We search using our \(n \times m\) window in each layer of the pyramid.

Sliding Window

The second problem is usually solved using non-maximum suppression.

Non-Maximum Suppression

Windows with a local maximum of classifier confidence suppress nearby windows.

Sliding Window

Train the classifier on \(n \times m\) windows.

Choose a threshold \(t\) and \(\Delta x\) and \(\Delta y\), where:

\(t\) is a threshold for the classifier confidence.
\(\Delta x\) and \(\Delta y\) are the step distance for each direction.

Sliding Window

Construct an Image Pyramid.

For each level:

Apply the classifier to each \(n \times m\) window, stepping by \(\Delta x\) and \(\Delta y\) in this level to get a classifier confidence \(c\).
If \(c\) is above \(t\), insert a pointer to the window into a list \(L\), ranked by \(c\).

Sliding Window

For each window \(w\) in \(L\), from highest confidence:

remove all windows \(u \neq w\) that overlap \(w\) significantly
overlap is calculated in the original image, by expanding coarser scales

Detection Applications

Now we know how to detect objects in an image, what can be detected?

Face Detection

We will mostly discuss the classic Viola-Jones algorithm for face detection.

Face Detection

Another classic method in face classification is Eigenfaces.

Eigenfaces use PCA on an aligned set of face images.
Fisherfaces extends Eigenfaces to use Fisher LDA.
There is a document on Blackboard for you to read on these methods.

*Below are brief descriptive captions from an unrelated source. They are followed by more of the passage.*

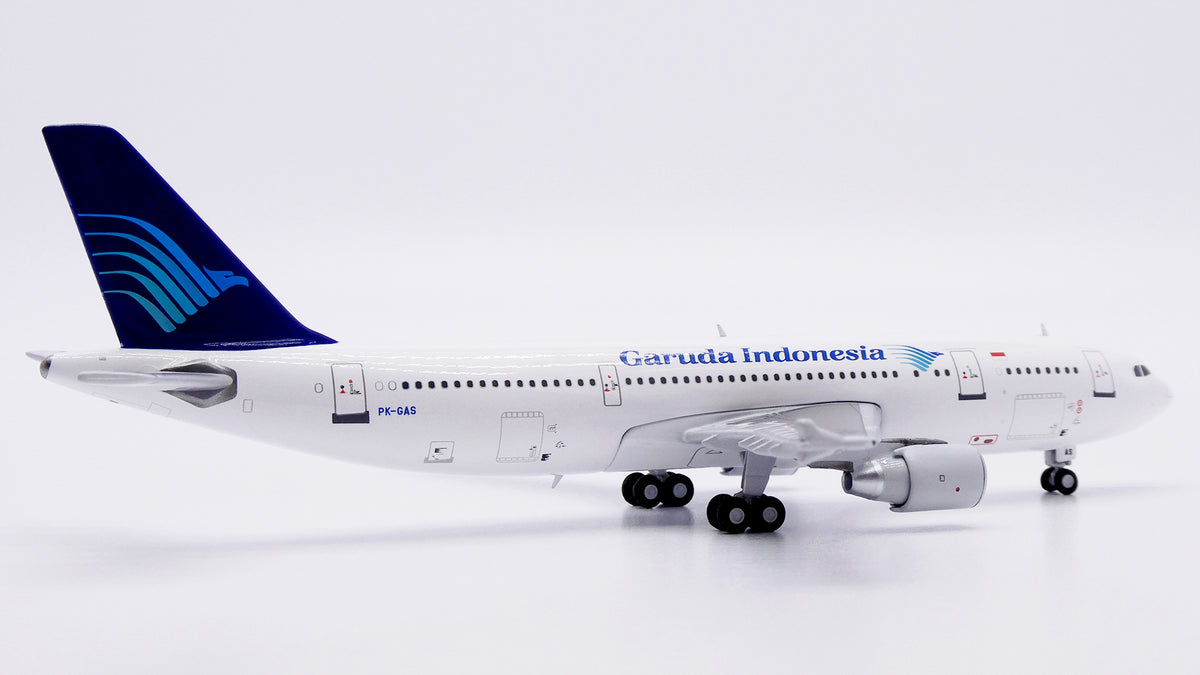 JC WINGS A300-600R GARUDA INDONESIA REG: PK-GAS
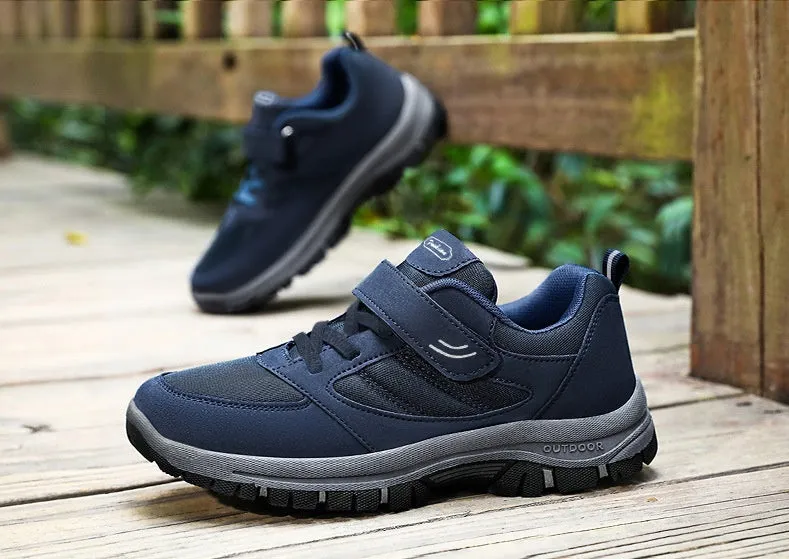 Classic Minimalist Water-Resistant Sneakers for Hiking and Outdoor Activities
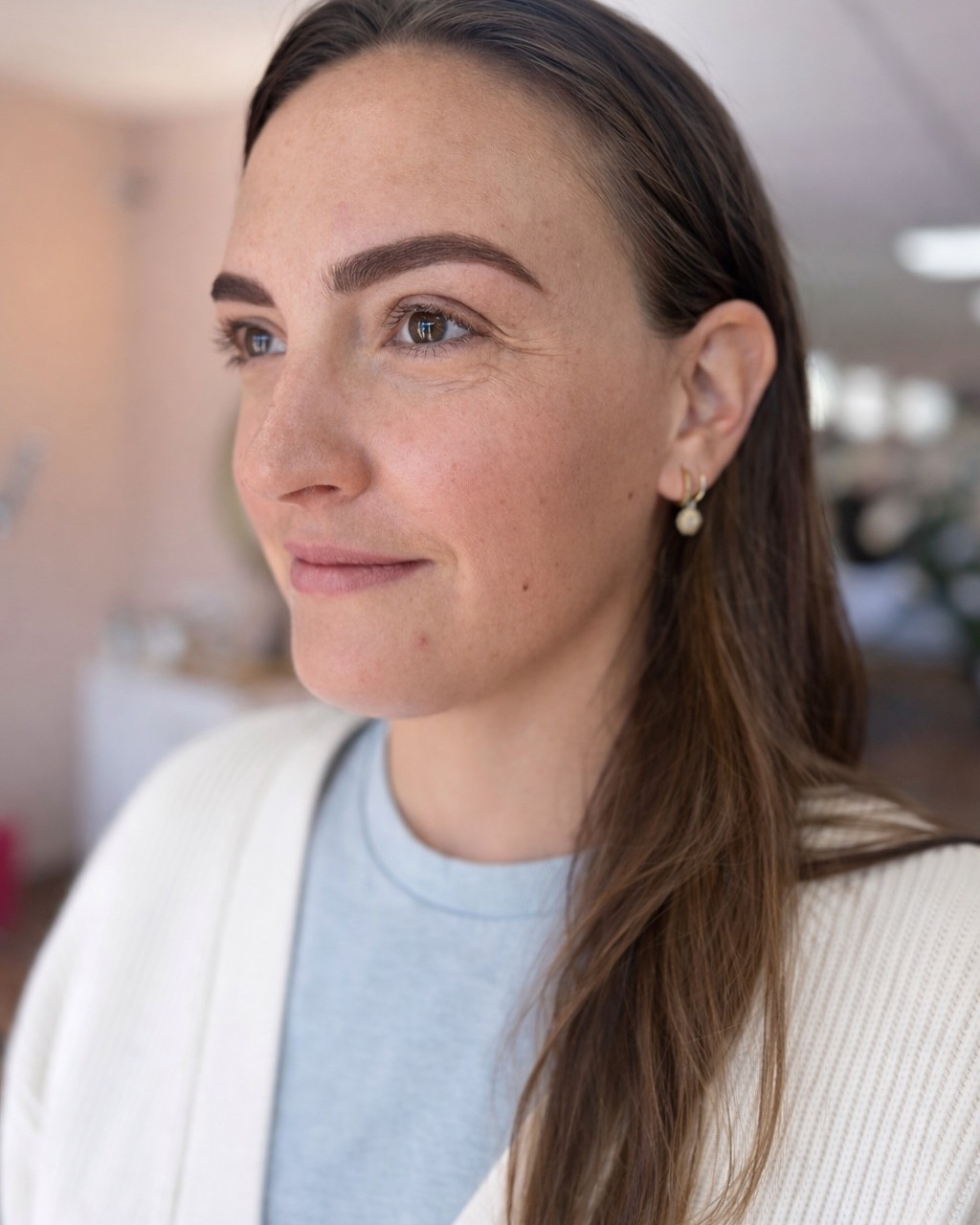 Good brows really do change everything ✨
📍 Delray Beach
🌐 Visit our website to book
#Delraysalon #Browshaping #Browtint #browshapeandtint #bestbrows #browsalon #browsart #browsdesign #fleekybrows #browsandlashes #permanentbrows #delraybrows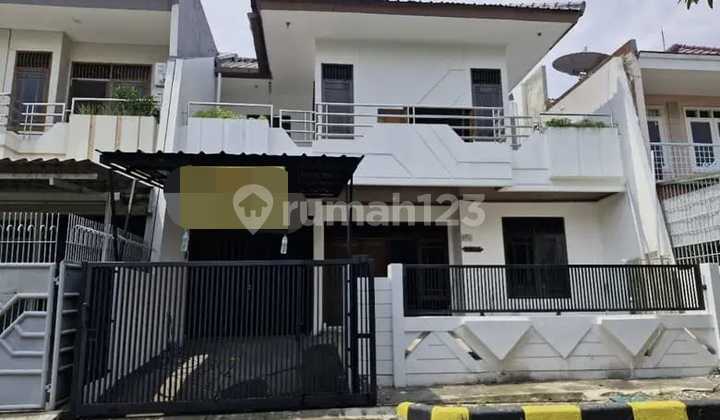 Rumah Tingkat Taman Kebon Jeruk Interkon Jakarta Barat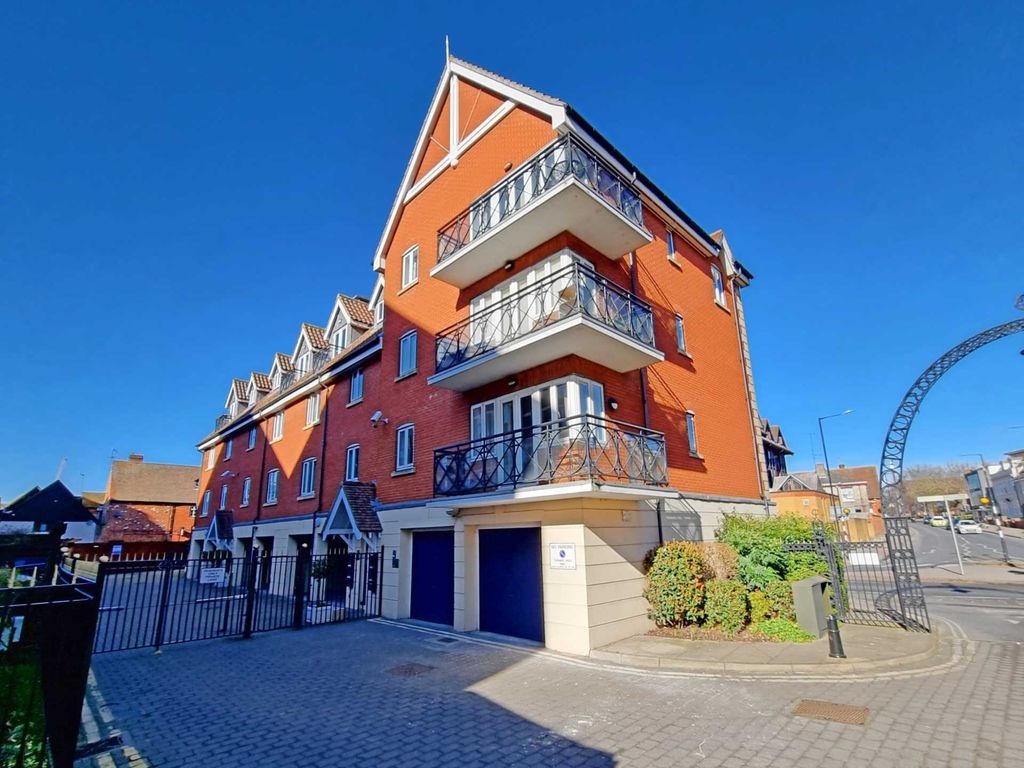 Property photo 1 of 21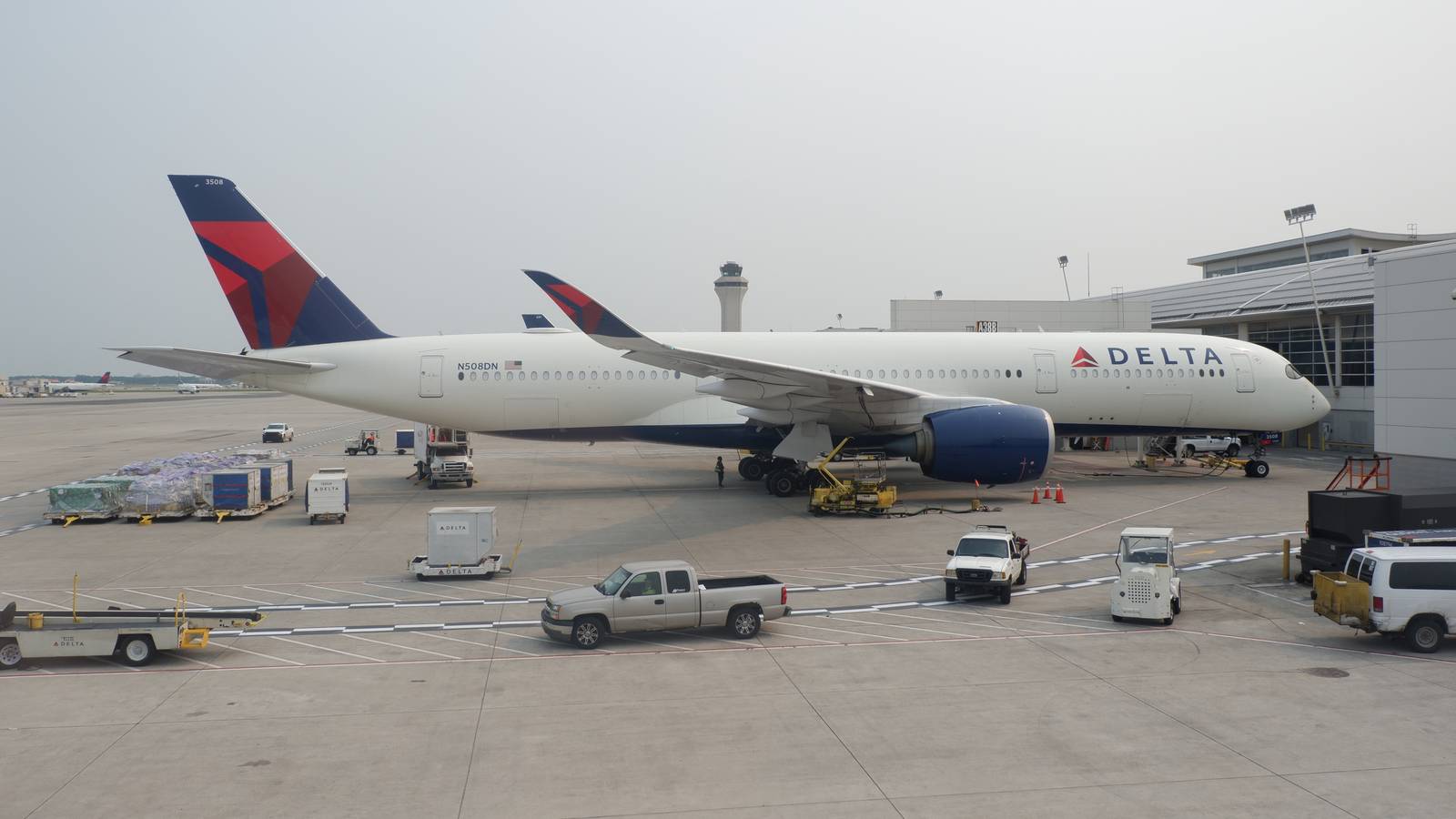 The Latest: Detroit Metro Airport’s Catering Facility Closure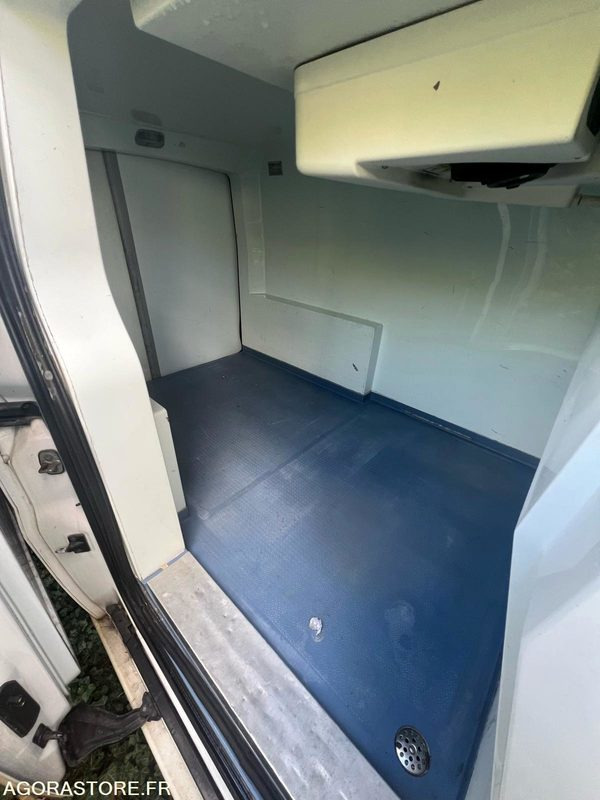 FIAT- SCUDO - 2015 - 350 000 KM - FRIGORIFIQUE MULTI TEMPERATURE - Επαγγελματικό αυτοκίνητο ψυγείο: φωτογραφία 4 FIAT- SCUDO - 2015 - 350 000 KM - FRIGORIFIQUE MULTI TEMPERATURE - Επαγγελματικό αυτοκίνητο ψυγείο: φωτογραφία 4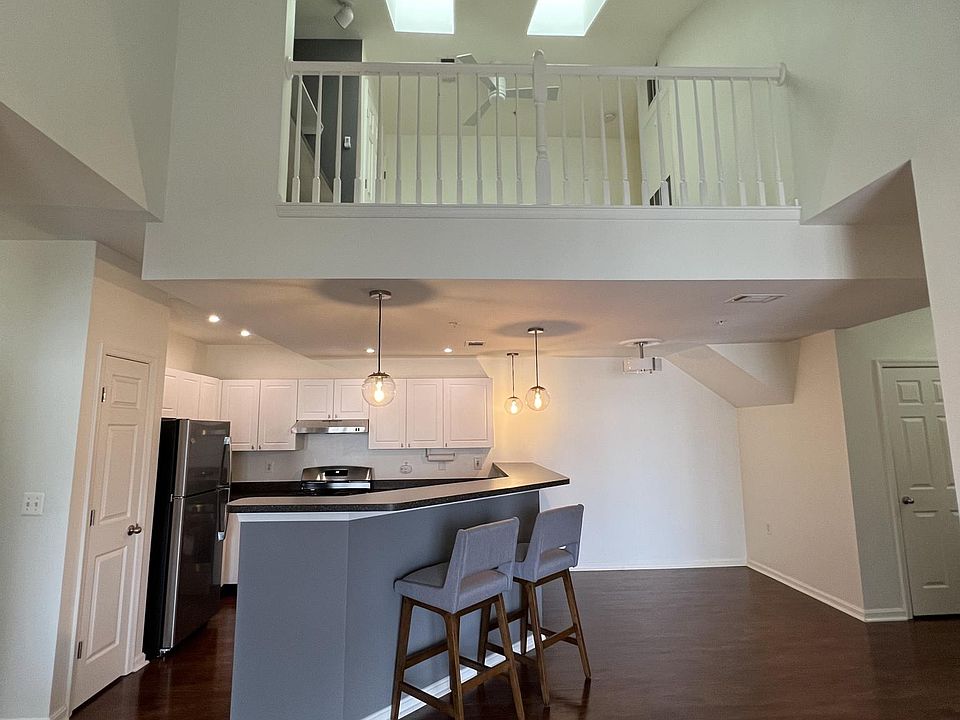1st image of 11355 Aristotle Dr APT 408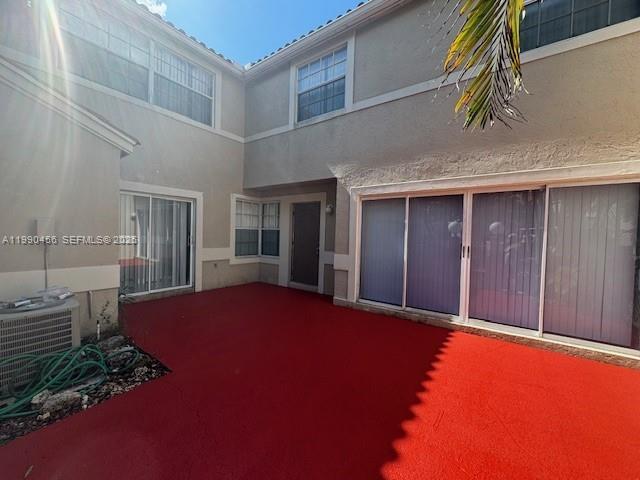 EMBASSY LAKES - Residential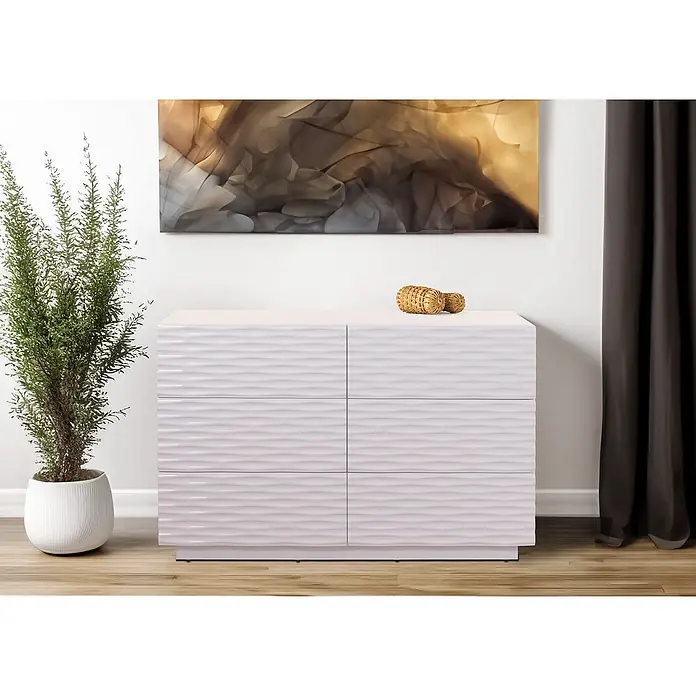 Mendler Kommode HWC-M52 81x120x42cm Hochglanz weiß -  - Eine moderne weiße Kommode mit wellenförmiger Textur in einem Wohnraum. Sie hat sechs Schubladen und eine glatte Oberfläche.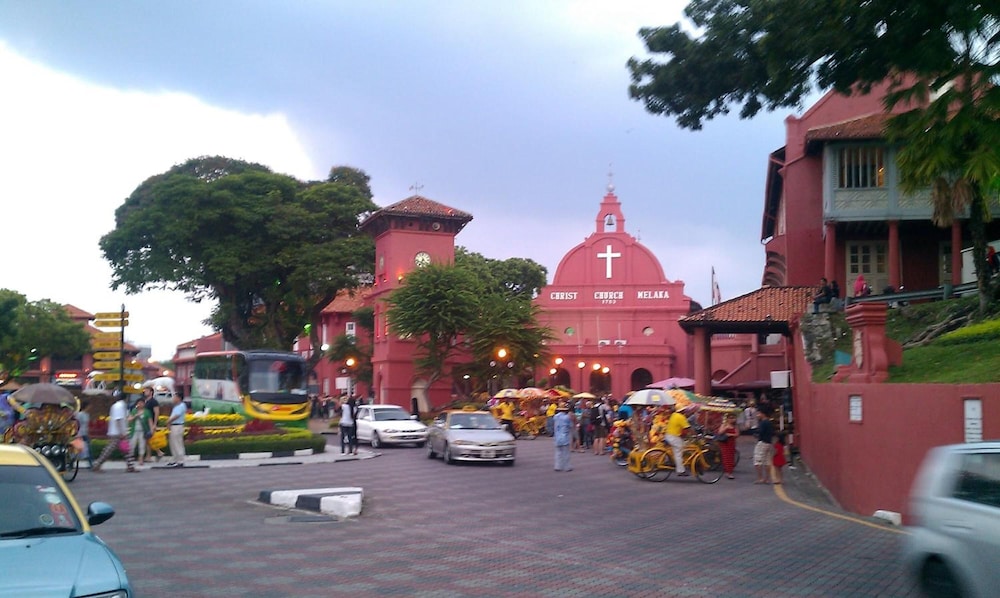 Hotel Zamburger Street Food Melaka 23/35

Viola-Jones object detection

P. Viola, and M. Jones,

Rapid Object Detection using a Boosted Cascade of Simple Features.

International Conference on Computer Vision and Pattern Recognition, pp. 511-518, 2001.

Viola-Jones object detection framework

A fast and robust method for face detection.

Can be used for detection of other objects, not only faces.
Robust - high detection rate and low false-positive rate.
Detection only - not recognition.

Viola-Jones object detection framework

The method comprises four stages:

feature detection
integral image
learning algorithm using modified AdaBoost
cascade of classifiers

Viola-Jones Feature Extraction

Features need to be calculated fast!

Use a simple set of Haar-like features.
add light rectangle and subtract dark rectangle
features are translated within a sub-window

Viola-Jones Feature Extraction

Features can be calculated very quickly by pre-calculating the integral image.

\[ I(x, y) = \sum_{\substack{x' \leq x \\ y' \leq y}} i(x', y') \]

i.e. the sum of pixels to the left and above a given pixel.

Viola-Jones Feature Extraction

Sum of pixels under a rectangle:

Value at pixel 1 is sum of rectangle A.
Value at 2 is A + B.
Value at 3 is A + C.
at 4 is A + B + C + D.
D = 4 + 1 - (2 + 3)

Viola-Jones Feature Extraction

Each of these 4 features can be scaled and shifted in a \(24 \times 24\) pixel sub-window.

giving a total of approx 160,000 features.

Viola-Jones Feature Learning

The number of features extracted from an image is very large.

We need a way to select the subset of features, which are the most important from the point of object detection.
We also need a fast classifier.
Solution: modified AdaBoost.

Viola-Jones Feature Learning

Modified Adaboost algorithm.

Each weak learner operates on only one feature.
Thus, Adaboost acts as a feature selector.
Can significantly reduce the initial number of 160,000 features.
e.g. 200 features can provide 95% detection rate with 1 in 14000 false positives.

Viola-Jones Features

Viola-Jones Learning

Attentional cascade of boosted classifiers.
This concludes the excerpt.